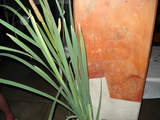 DSC00930.JPG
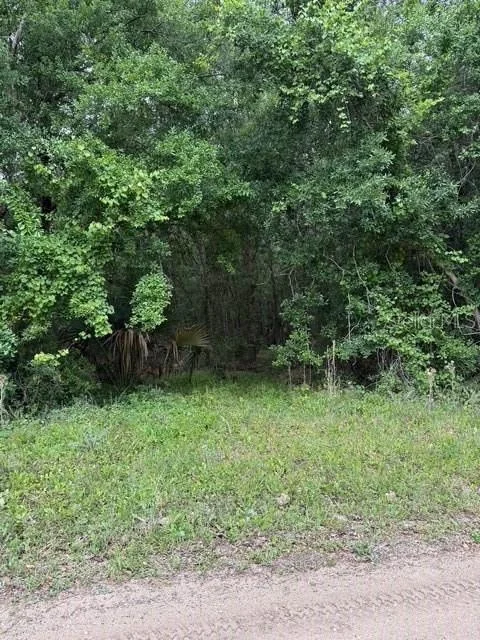 Unit for sale at 190 CATHERINE STREET, BUNNELL, FL 32110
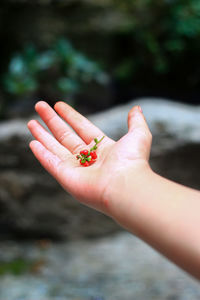 hand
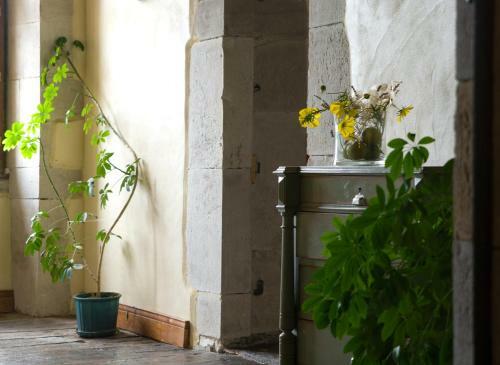 Bed & Breakfast Chambres D'h�tes Jauregia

AIM OF THE TASK:
From the first line to the last, output the data exactly; skip any pictures.

THE COMPLETED TASK:
 DSC00930.JPG
 Unit for sale at 190 CATHERINE STREET, BUNNELL, FL 32110
 hand
 Bed & Breakfast Chambres D'h�tes Jauregia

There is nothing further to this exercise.